You can top up your degu’s bowl with a little bit of guinea pig or degu-specific food, but don’t go overboard. It’s important that your degu doesn’t start ignoring the hay because it’s got a range of health benefits, including the maintenance of a healthy gut and strong teeth. Around 10g of degu food a day should do the trick.

Human food in moderation

The good news is you can feed your degu some of your human food! Give them to your degu in moderation though, as they can cause gas and bloating. On rotation, you can feed them the following foods around once or twice a week:

• Asparagus
• Carrot tops
• Dandelion leaves
• Broccoli
• Cauliflower
• Fresh herbs
• Brussels sprouts
• Celery
• Cabbage
• Courgette
• Green beans
• Beetroot
• Dried herbs
• Pumpkin
• Butternut squash
• Marigold flowers
• Radish

Some sugary foods can be an occasional treat for your degu.

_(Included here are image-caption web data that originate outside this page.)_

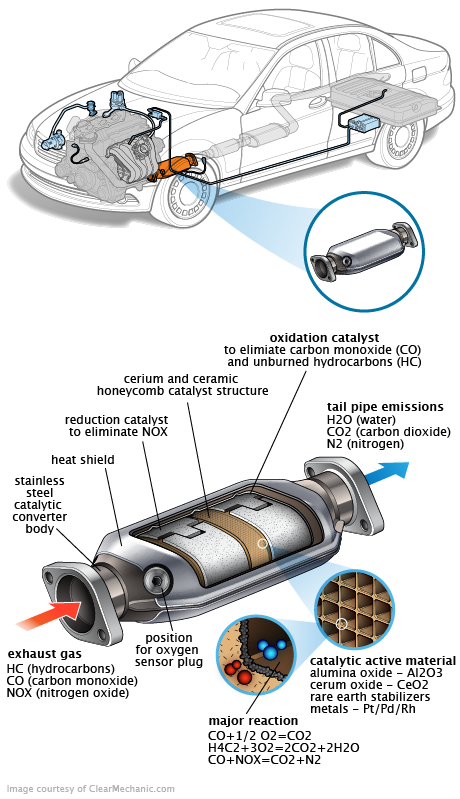 See P046C repair manual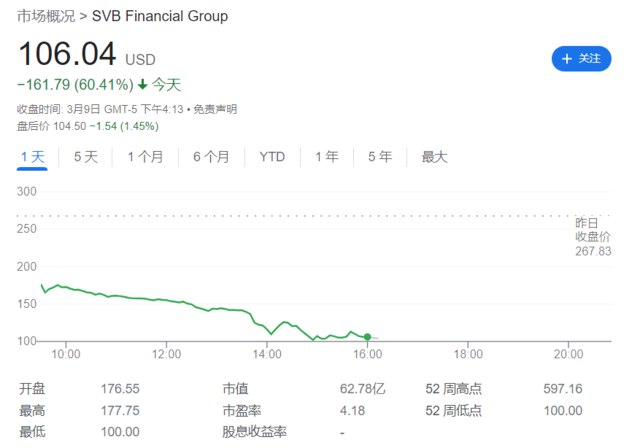» 7. 硅谷银行爆了，硅谷“炸了”当地时间周四早晨，硅谷银行宣布，出售投资组合中的部分证券将导致18亿美元的亏损，并寻求通过出售普通股和优先股募资22.5亿美元，这被华尔街视为是恐慌性的资产抛售和对股权的猛烈稀释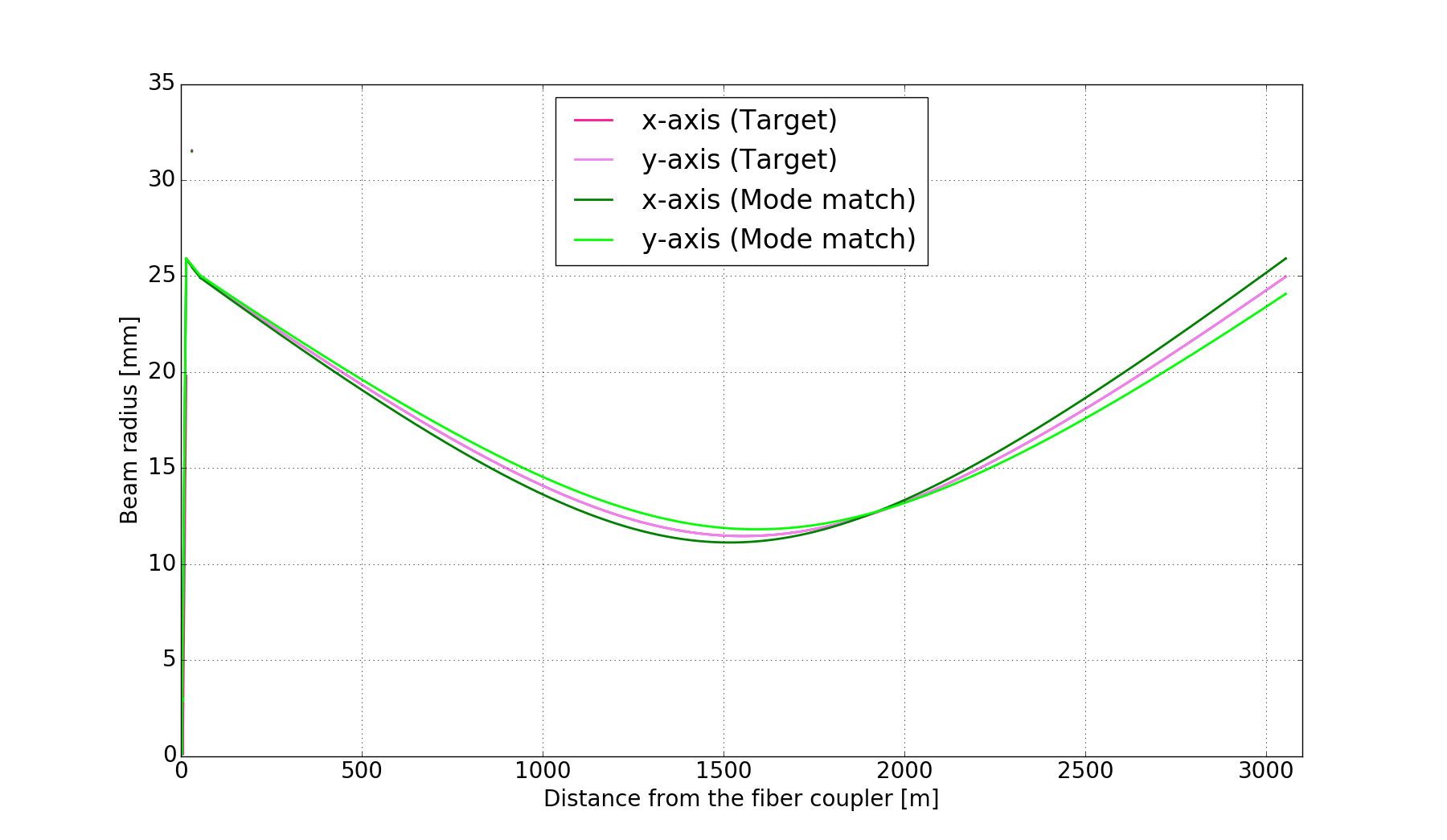 Y-axis Beam radius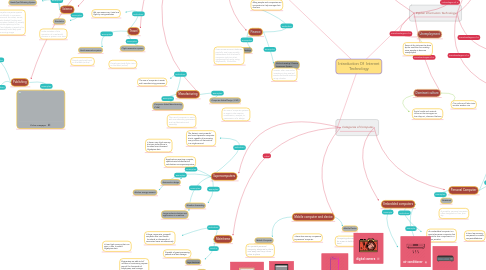 Mind Map: Introduction Of  Internet Technology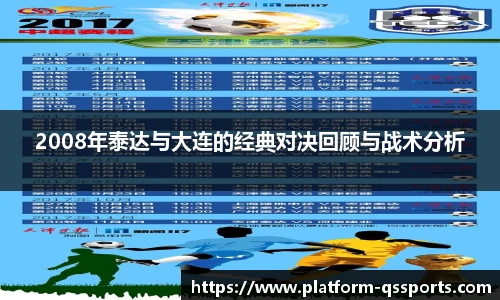 2008年泰达与大连的经典对决回顾与战术分析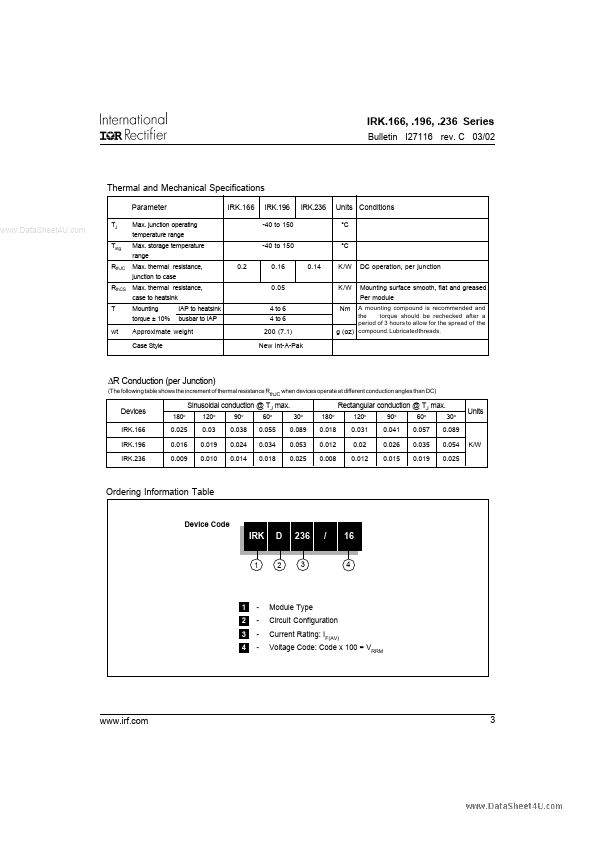 IRKC166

In excess, they carry the risk of diabetes, so we’d only recommend doing this once a month.

• Apple
• Cherry tomatoes
• Peas
• Sweet potato
• Carrots
• Cucumber
• Sweetcorn or corn on the cob

When it’s treat time for your degu, give them a tiny amount (one or two) of:

• Sunflower seeds
• Peanuts
• Pumpkin seeds
• Whole nuts

As a general rule, the main thing to avoid giving your degu is fruit not listed here, rabbit food, hamster food or anything with molasses.

Just like us, degus love food – whether it’s good or bad for them. Bookmark this page to make sure you give your degu a balanced diet, and happy feeding!